Recorded information Block Start

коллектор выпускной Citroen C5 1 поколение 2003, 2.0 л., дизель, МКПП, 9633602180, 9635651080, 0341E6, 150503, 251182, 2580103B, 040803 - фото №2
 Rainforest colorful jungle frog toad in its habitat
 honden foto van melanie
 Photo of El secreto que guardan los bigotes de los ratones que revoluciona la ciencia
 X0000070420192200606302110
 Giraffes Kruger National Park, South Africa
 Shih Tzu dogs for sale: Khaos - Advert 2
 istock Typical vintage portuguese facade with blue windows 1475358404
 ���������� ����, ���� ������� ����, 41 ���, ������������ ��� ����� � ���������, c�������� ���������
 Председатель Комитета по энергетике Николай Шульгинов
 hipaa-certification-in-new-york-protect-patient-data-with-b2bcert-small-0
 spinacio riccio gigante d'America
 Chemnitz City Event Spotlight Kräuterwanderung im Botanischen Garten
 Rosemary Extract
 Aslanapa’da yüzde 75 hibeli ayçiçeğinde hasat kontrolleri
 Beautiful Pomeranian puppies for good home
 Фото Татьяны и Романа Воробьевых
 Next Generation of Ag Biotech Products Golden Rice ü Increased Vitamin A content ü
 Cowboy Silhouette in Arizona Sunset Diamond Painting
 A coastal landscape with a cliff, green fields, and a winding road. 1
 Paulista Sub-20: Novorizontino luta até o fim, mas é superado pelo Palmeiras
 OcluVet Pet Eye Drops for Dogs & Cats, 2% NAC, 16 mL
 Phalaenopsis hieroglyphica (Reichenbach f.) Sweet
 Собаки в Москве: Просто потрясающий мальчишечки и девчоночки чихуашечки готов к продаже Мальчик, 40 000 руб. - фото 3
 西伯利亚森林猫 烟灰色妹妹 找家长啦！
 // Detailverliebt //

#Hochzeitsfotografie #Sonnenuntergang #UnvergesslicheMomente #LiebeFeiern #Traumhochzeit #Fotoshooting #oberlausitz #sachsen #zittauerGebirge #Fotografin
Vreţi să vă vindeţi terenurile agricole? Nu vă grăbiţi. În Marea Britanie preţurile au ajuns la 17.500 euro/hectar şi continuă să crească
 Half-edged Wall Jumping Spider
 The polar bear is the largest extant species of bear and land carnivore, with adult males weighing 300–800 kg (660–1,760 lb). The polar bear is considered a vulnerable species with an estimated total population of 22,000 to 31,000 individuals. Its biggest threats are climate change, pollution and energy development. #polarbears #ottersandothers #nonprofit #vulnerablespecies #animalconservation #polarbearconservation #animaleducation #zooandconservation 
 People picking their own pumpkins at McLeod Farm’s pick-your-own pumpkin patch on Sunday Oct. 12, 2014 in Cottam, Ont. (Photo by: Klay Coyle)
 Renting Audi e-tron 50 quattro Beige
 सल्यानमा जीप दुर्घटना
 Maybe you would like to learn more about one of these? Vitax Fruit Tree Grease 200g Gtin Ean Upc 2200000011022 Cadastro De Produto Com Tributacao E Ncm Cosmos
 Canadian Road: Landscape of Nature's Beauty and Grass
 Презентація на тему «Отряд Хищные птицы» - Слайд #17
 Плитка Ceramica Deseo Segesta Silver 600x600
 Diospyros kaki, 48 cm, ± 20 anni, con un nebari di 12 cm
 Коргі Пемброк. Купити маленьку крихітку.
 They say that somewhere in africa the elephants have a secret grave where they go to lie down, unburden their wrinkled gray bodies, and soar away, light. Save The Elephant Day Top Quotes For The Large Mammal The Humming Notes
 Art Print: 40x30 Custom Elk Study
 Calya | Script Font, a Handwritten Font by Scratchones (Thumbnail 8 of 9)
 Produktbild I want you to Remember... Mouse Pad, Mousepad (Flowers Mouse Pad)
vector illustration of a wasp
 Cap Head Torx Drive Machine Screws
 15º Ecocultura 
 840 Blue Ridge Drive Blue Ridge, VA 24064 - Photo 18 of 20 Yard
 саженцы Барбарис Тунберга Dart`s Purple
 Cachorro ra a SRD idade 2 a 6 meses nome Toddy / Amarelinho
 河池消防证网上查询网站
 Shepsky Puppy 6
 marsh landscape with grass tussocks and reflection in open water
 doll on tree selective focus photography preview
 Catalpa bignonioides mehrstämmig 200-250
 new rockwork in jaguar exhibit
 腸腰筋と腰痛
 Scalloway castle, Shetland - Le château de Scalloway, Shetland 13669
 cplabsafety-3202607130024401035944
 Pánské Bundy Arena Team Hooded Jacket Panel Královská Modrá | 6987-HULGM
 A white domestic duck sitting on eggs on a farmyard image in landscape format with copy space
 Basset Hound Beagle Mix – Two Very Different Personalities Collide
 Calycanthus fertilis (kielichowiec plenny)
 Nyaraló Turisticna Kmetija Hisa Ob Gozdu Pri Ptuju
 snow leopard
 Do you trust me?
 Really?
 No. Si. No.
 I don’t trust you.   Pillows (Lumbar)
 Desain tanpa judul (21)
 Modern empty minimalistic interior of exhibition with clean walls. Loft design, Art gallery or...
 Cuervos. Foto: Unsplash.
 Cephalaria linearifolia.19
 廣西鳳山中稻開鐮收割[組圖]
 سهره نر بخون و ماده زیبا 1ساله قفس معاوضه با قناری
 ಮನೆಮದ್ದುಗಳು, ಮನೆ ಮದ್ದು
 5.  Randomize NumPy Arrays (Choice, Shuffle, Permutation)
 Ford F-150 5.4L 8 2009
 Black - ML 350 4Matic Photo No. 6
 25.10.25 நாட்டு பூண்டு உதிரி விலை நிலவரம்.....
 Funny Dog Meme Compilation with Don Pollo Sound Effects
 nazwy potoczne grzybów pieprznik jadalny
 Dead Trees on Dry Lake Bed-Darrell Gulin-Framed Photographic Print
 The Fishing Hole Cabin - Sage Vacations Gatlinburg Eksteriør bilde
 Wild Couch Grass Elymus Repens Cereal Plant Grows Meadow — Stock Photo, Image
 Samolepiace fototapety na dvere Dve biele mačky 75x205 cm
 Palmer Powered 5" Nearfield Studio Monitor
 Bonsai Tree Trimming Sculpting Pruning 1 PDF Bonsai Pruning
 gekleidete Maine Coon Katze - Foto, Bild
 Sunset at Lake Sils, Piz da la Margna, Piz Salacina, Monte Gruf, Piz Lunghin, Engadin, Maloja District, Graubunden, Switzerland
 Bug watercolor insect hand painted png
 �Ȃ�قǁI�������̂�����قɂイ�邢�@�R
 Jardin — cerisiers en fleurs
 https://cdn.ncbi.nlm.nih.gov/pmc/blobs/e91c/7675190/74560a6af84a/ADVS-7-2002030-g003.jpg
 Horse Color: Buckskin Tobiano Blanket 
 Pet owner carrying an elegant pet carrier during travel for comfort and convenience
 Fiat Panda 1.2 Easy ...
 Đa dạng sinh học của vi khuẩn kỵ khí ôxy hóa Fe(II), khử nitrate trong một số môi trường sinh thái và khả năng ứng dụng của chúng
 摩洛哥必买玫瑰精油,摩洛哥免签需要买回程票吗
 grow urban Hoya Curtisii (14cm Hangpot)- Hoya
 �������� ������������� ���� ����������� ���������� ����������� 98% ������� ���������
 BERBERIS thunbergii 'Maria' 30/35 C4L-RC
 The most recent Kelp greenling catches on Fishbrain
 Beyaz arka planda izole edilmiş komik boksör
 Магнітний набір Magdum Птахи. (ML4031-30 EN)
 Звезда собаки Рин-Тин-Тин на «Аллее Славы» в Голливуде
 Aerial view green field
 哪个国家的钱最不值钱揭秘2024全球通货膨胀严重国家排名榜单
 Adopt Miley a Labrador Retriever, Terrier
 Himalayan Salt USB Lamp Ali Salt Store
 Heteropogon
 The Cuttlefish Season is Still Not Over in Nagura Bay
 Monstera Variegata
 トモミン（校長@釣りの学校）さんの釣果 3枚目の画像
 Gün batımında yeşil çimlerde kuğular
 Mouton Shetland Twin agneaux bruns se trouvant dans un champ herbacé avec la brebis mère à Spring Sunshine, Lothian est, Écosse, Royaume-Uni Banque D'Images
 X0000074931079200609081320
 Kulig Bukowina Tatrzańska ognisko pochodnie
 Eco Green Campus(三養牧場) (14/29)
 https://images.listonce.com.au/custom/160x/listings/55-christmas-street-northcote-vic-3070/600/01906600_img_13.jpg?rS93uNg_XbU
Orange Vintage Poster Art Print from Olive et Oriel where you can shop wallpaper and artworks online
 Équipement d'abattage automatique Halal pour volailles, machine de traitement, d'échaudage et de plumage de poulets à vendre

Recorded information Block End

Using the entries above, give again exactly the lines from the line holding "Rainforest colorful jungle" through the line holding "Shih Tzu dogs for sale: Khaos - Advert 2". Include both end lines and nothing else.

#### [Solution to the exercise]
 Rainforest colorful jungle frog toad in its habitat
 honden foto van melanie
 Photo of El secreto que guardan los bigotes de los ratones que revoluciona la ciencia
 X0000070420192200606302110
 Giraffes Kruger National Park, South Africa
 Shih Tzu dogs for sale: Khaos - Advert 2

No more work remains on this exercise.